Anthony Rae, also known as Trae, (born 26 June 1961) is a New Zealand sailor who has competed in the Volvo Ocean Race six times and the America's Cup seven times.

==Early years==
Rae attended Mount Roskill Grammar School.

==Sailing career==
After sailing on Lion New Zealand during the 1985–86 Whitbread Round the World Race, Rae joined the New Zealand Challenge that competed on KZ 7 at the 1987 Louis Vuitton Cup. He was then part of the crew on Steinlager 2 that won every leg in the 1989–90 Whitbread Round the World Race before racing on another winner, NZ Endeavour, in the 1993–94 event. He also competed with New Zealand Challenge in the 1992 Louis Vuitton Cup.

He was then onboard Team New Zealand when they won the 1995 America's Cup with Black Magic. He then returned to ocean sailing, being on board Innovation Kvaerner during the 1997–98 Whitbread Round the World Race, before rejoining Team New Zealand for the 2000 and 2003 America's Cups.

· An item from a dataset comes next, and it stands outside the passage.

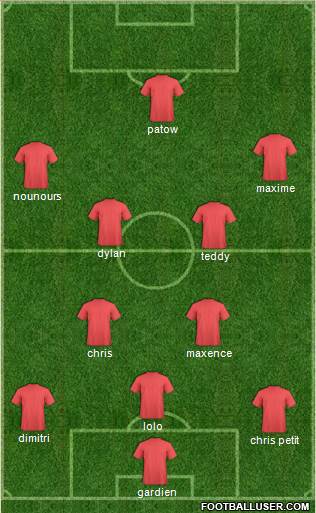Champions League Team Formation 2018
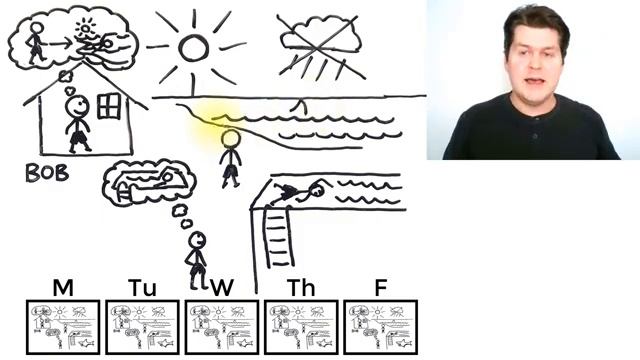 Bob Has Wanted to Swim (English Story in Present Perfect Tense)  Learn Grammar Naturally with Input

He was part of Team New Zealand as a mainsail trimmer when they won the 2007 Louis Vuitton Cup, before losing the 2007 America's Cup to Alinghi 2–5. He then was part of the team's entry into the 2011–12 Volvo Ocean Race, Camper Lifelovers, before the AC72 crew for the 2013 America's Cup, which Team New Zealand lost 8–9 to Oracle Racing.

He joined Team Vestas Wind for the 2014–15 Volvo Ocean Race, where he broke a rib before the start of leg 2. He competed in the 2017 World Masters Games with his father, Murray, before joining the New Zealand Sailing team in the Extreme Sailing Series.